● **Work required**
When copying the data below, keep only the lines from the one with "Balsamic Vinegar With Pomegranate" through the one with "Concave Halo Kids V2 FG - Black/Yellow", word for word, and skip the pictures.

****************************************

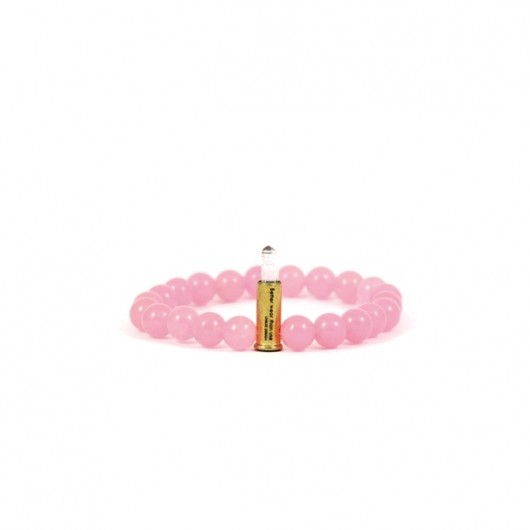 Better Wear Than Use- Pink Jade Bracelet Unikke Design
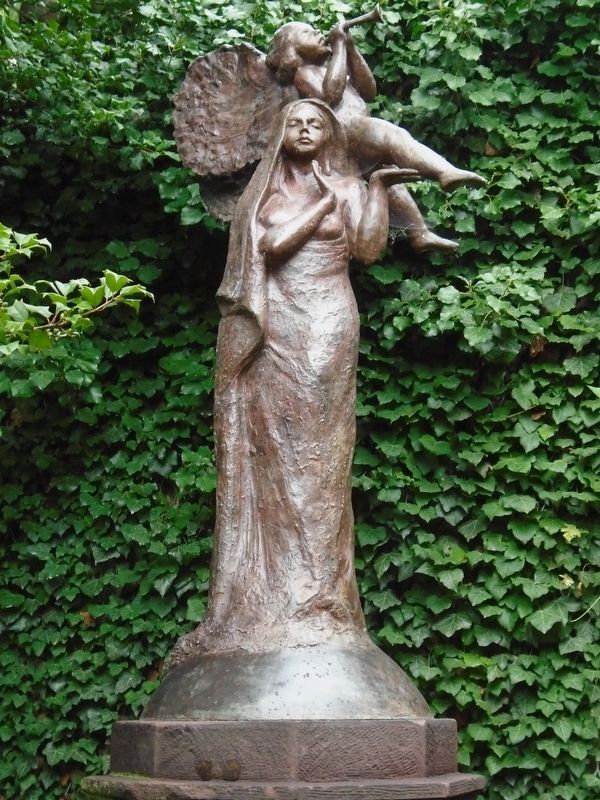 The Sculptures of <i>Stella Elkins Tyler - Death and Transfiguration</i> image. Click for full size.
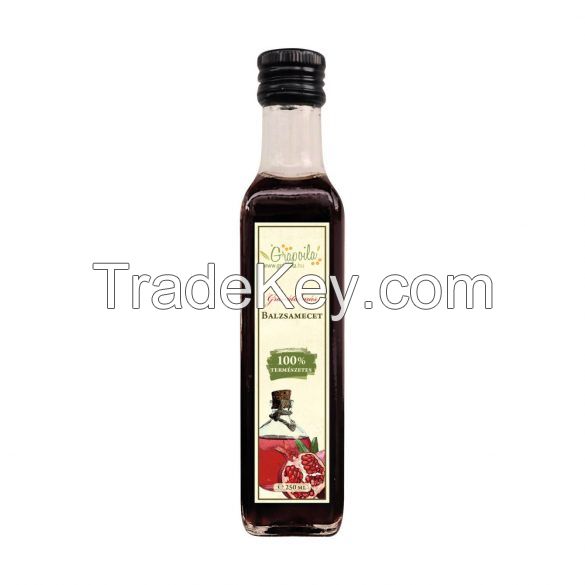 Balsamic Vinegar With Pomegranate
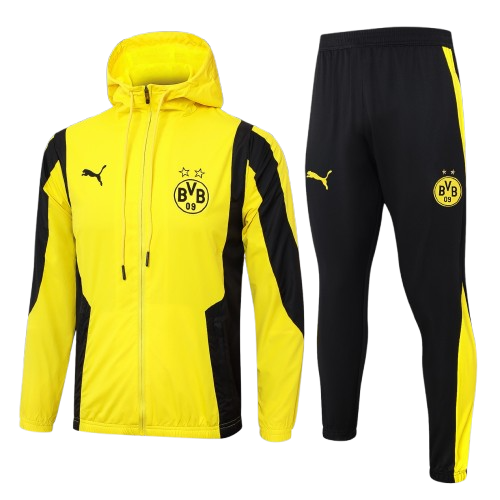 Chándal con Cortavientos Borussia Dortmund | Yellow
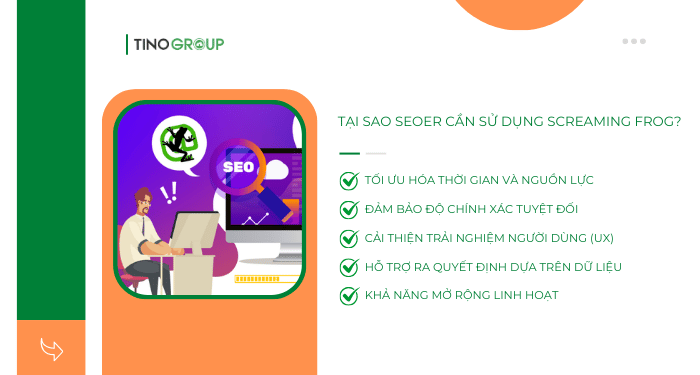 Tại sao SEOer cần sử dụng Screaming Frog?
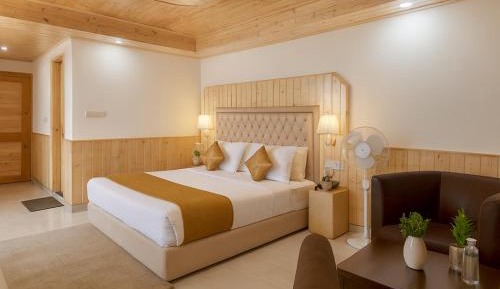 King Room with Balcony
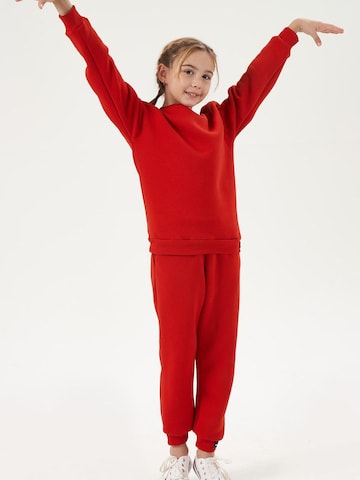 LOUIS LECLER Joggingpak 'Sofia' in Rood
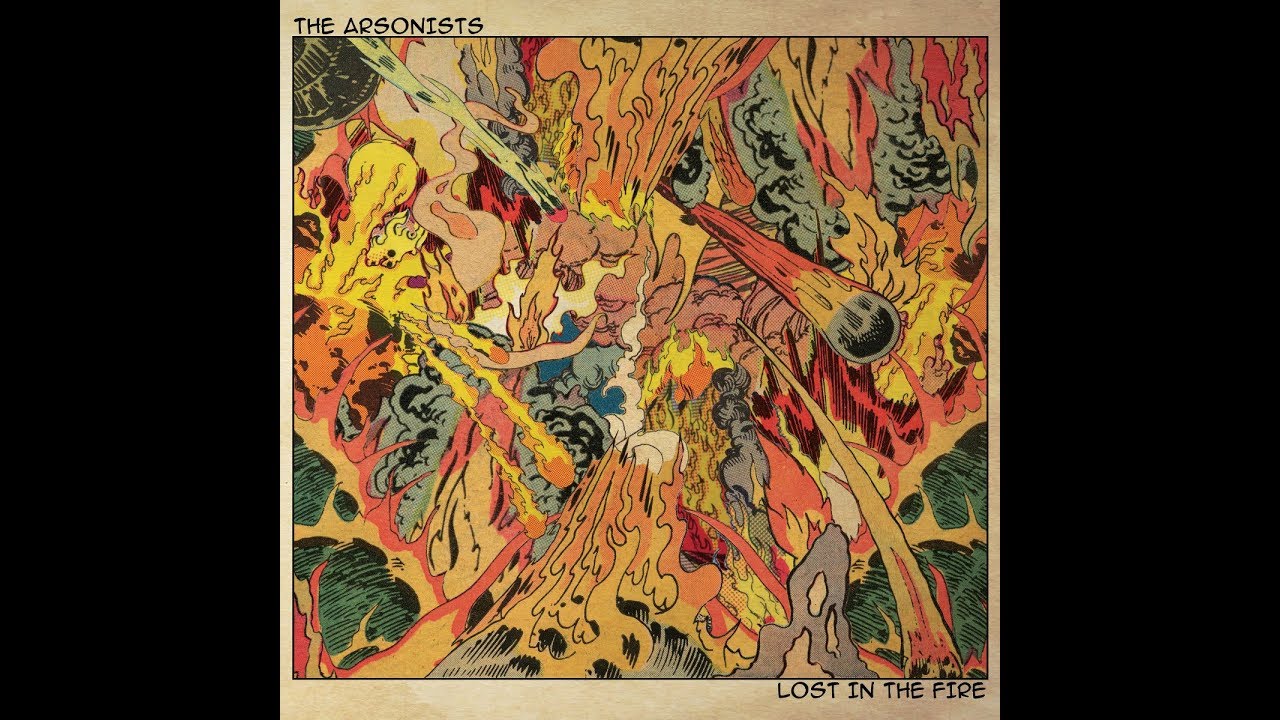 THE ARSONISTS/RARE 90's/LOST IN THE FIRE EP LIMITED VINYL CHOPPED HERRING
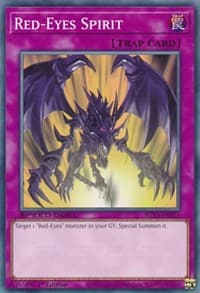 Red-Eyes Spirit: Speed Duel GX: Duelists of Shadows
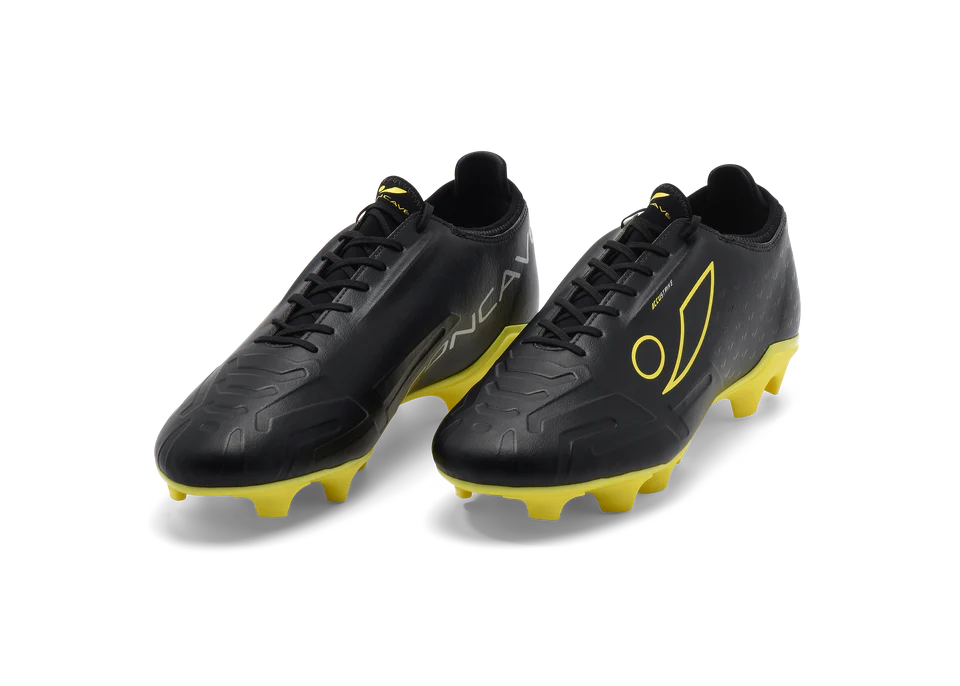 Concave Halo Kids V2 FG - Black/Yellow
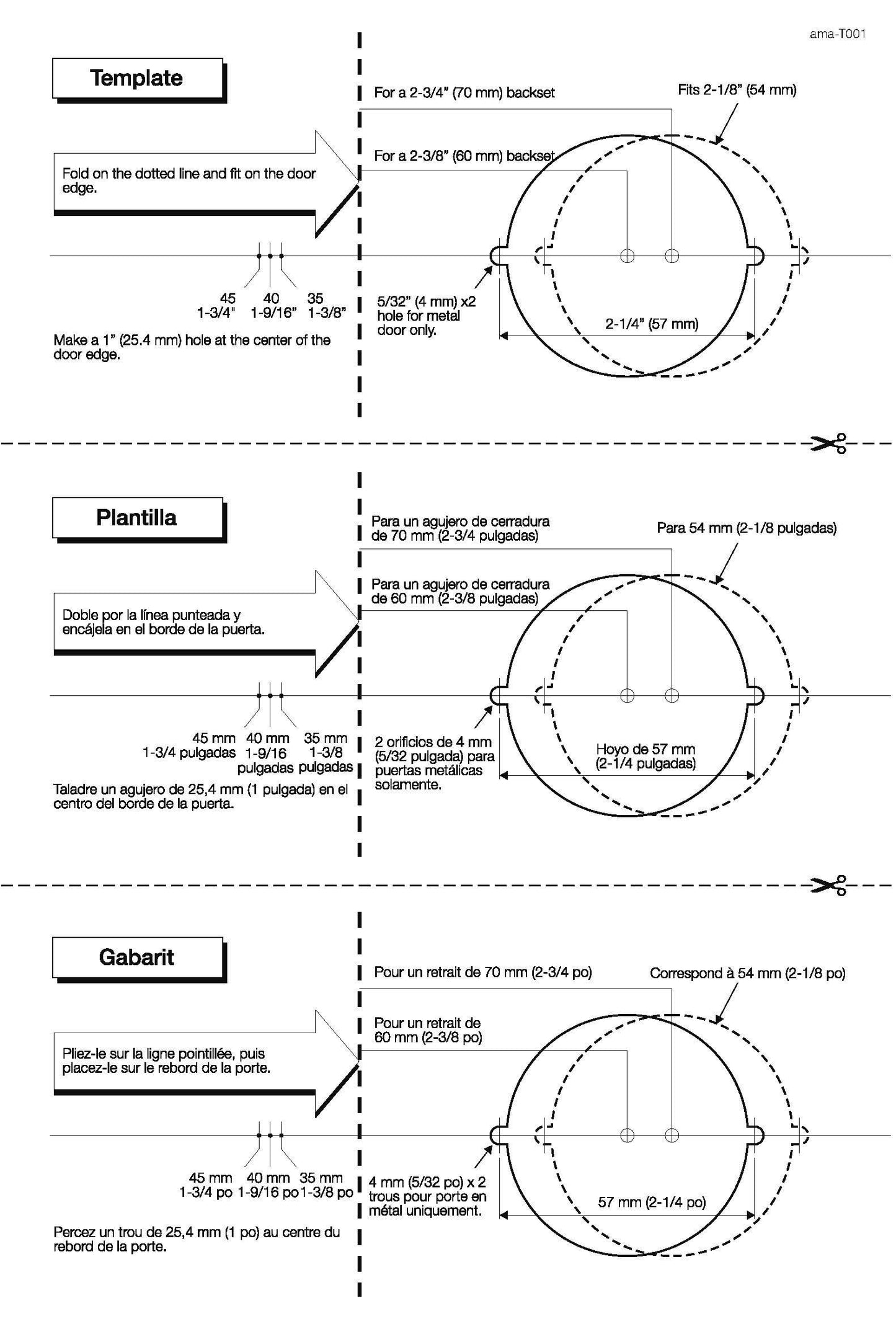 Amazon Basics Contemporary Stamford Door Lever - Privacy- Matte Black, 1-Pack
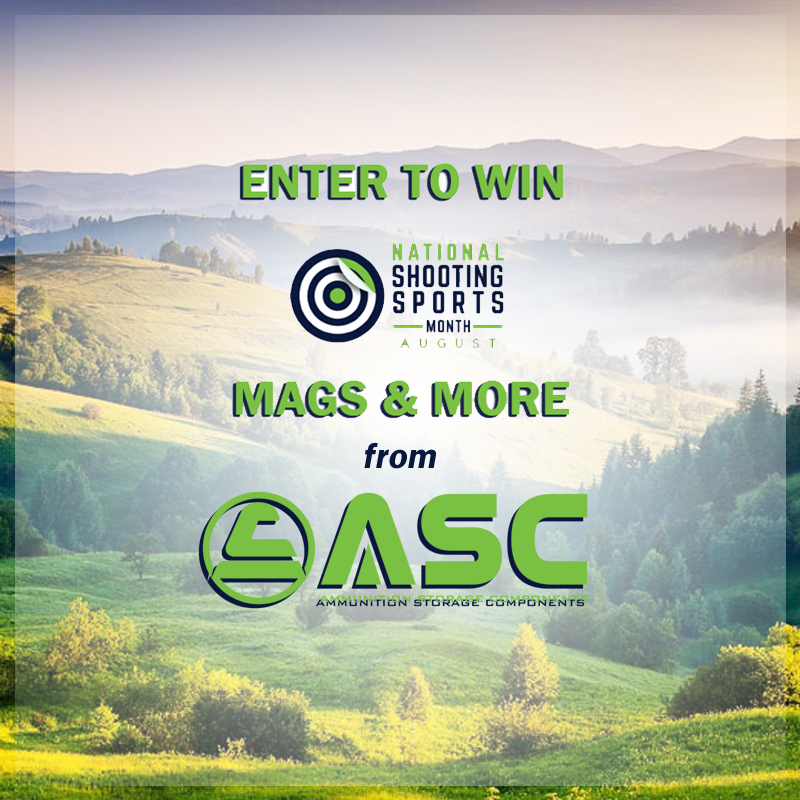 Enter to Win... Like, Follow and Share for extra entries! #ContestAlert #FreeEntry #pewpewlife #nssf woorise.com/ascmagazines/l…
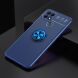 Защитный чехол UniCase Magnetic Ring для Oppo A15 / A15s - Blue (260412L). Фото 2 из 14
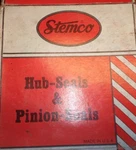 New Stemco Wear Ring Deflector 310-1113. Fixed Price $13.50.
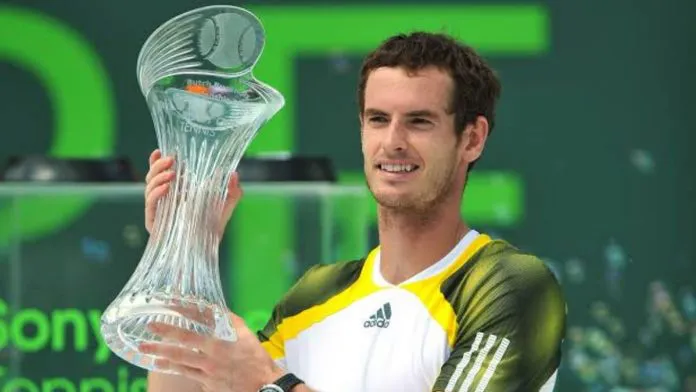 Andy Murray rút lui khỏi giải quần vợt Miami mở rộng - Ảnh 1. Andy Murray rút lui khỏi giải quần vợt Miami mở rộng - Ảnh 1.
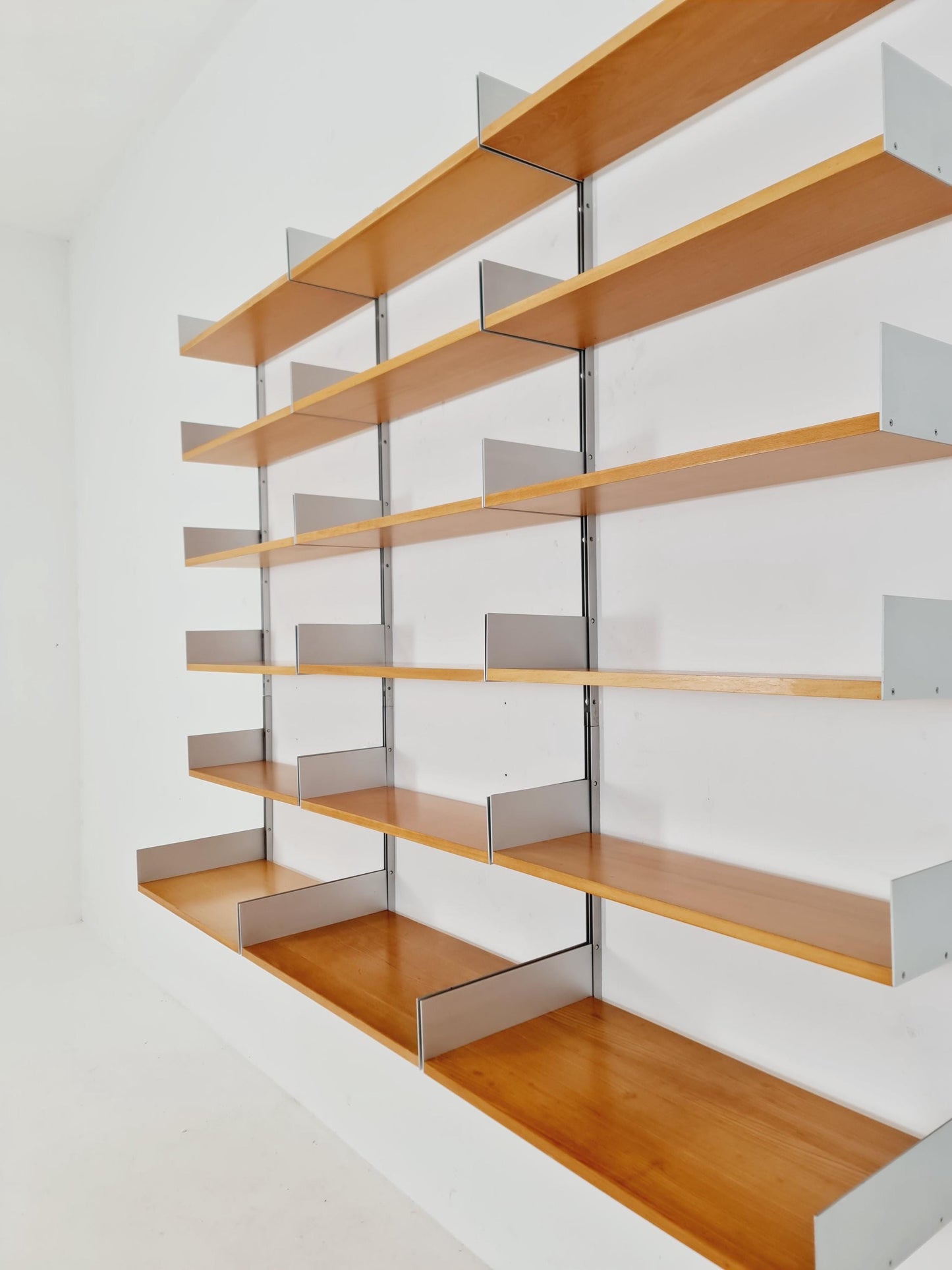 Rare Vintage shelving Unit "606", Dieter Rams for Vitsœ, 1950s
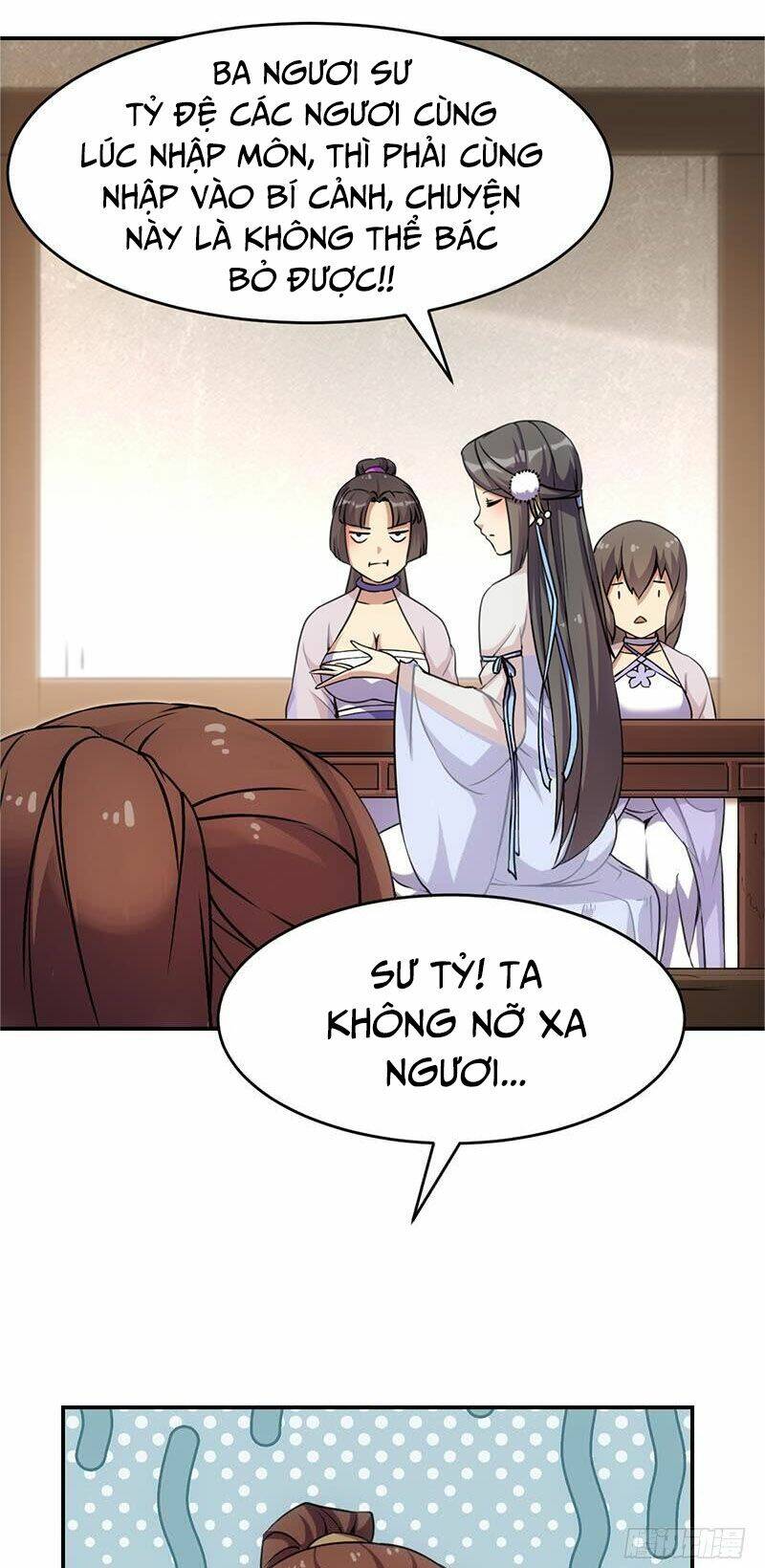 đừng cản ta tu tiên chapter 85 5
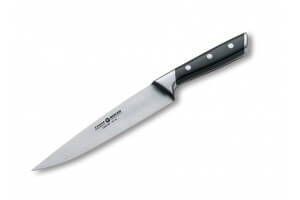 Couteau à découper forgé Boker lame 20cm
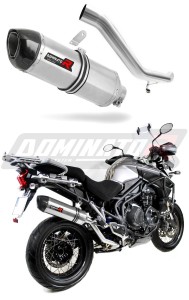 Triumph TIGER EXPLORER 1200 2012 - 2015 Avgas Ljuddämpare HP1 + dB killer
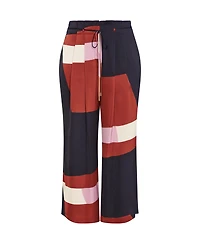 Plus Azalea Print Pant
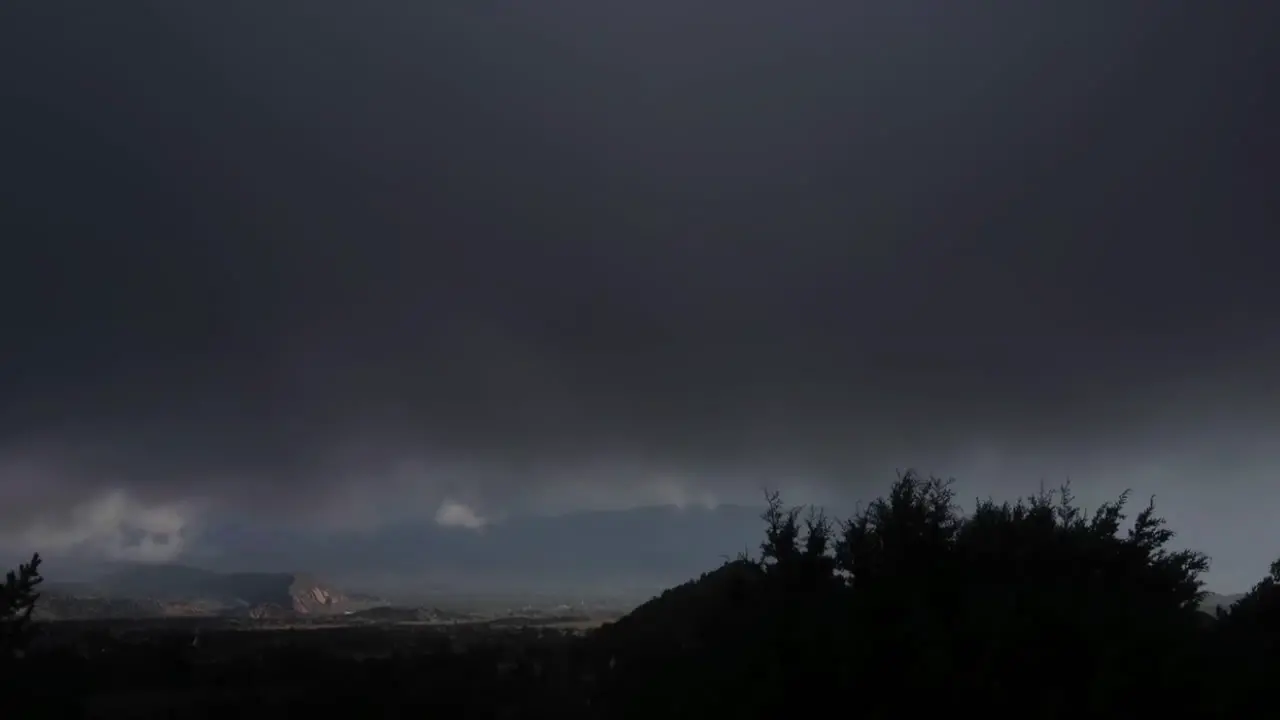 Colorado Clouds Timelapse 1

****************************************

● **Task solution**
 Balsamic Vinegar With Pomegranate
 Chándal con Cortavientos Borussia Dortmund | Yellow
 Tại sao SEOer cần sử dụng Screaming Frog?
 King Room with Balcony
 LOUIS LECLER Joggingpak 'Sofia' in Rood
 THE ARSONISTS/RARE 90's/LOST IN THE FIRE EP LIMITED VINYL CHOPPED HERRING
 Red-Eyes Spirit: Speed Duel GX: Duelists of Shadows
 Concave Halo Kids V2 FG - Black/Yellow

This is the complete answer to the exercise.